Reportagens

Até 2100, mais de 80% das espécies de anfíbios do Pantanal e entorno perderão áreas adequadas 2v462j

Estudo realizado por pesquisadores do Brasil e da Suíça prevê que, mesmo em cenário otimista de emissões de gases do efeito estufa, haverá perda em 99% da área da bacia do Alto Paraguai

André Julião ·
21 de fevereiro de 2025
  • Publicado originalmente por Agência Fapesp 1l5r11

André Julião | Agência FAPESP* – Estudo publicado no Journal of Applied Ecology aponta que a bacia do Alto Paraguai, que inclui o Pantanal e seu entorno, pode perder quase todas as áreas adequadas para a vida de anfíbios anuros (sapos, rãs e pererecas) até o fim do século.
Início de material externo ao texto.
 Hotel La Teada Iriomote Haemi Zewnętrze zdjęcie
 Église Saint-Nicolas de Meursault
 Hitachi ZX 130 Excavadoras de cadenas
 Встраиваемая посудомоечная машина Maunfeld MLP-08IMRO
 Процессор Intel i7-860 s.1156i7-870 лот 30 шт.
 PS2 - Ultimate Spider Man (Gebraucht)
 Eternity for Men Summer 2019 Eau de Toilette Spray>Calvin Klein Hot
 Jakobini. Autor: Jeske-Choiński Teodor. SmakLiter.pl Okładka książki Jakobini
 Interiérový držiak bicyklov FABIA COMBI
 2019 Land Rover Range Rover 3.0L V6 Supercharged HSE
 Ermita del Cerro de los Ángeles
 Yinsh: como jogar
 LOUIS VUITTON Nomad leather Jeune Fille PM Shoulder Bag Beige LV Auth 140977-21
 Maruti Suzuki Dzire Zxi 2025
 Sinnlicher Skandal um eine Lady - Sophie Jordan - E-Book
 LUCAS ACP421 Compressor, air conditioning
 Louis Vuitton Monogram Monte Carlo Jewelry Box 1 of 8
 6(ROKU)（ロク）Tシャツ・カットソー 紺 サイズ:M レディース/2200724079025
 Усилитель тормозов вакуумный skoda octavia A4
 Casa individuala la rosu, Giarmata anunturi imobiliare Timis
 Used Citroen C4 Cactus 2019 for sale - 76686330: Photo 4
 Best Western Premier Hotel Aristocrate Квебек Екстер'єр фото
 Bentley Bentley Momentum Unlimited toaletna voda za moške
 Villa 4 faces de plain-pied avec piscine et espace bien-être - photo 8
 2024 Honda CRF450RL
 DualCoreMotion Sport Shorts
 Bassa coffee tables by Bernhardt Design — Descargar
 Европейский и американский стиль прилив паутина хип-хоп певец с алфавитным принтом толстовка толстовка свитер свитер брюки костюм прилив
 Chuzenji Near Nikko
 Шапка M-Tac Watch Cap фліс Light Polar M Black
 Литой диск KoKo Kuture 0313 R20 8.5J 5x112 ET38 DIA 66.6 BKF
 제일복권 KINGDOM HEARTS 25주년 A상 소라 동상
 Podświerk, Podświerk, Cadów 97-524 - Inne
Ao cruzar um banco de dados sobre localização das espécies da região com as projeções climáticas para 2100, pesquisadores do Brasil e da Suíça concluíram ainda que mais de 80% das espécies desse grupo perderão áreas adequadas.

Segundo as projeções, as extinções locais devem afetar 99,87% da bacia no cenário otimista de emissões de gases de efeito estufa, em que se manteriam os níveis atuais. No cenário pessimista, com um aumento de emissões, 99,99% da região sofreria com perdas de espécies.

O trabalho teve como primeiro autor Matheus Oliveira Neves, que o realizou durante doutorado na Universidade Federal do Mato Grosso (UFMT).

Segundo a pesquisa, as unidades de conservação integral, que correspondem a meros 5,85% do território, protegem, em média, menos de 5% da distribuição geográfica dos anfíbios.

Em 2022, como estratégia para frear a extinção de espécies, a Convenção da Biodiversidade da Organização das Nações Unidas (ONU) recomendou que 30% da superfície terrestre fosse coberta por áreas protegidas até 2030.

Atualmente, esse índice é de 17%, e engloba tanto unidades de conservação como terras indígenas.

Considerando os dados sobre biodiversidade de anfíbios, os autores do estudo propõem a criação de novas unidades de conservação na bacia do Alto Paraguai, em locais que serão mais adequados no futuro para esse grupo de animais, altamente dependente da umidade.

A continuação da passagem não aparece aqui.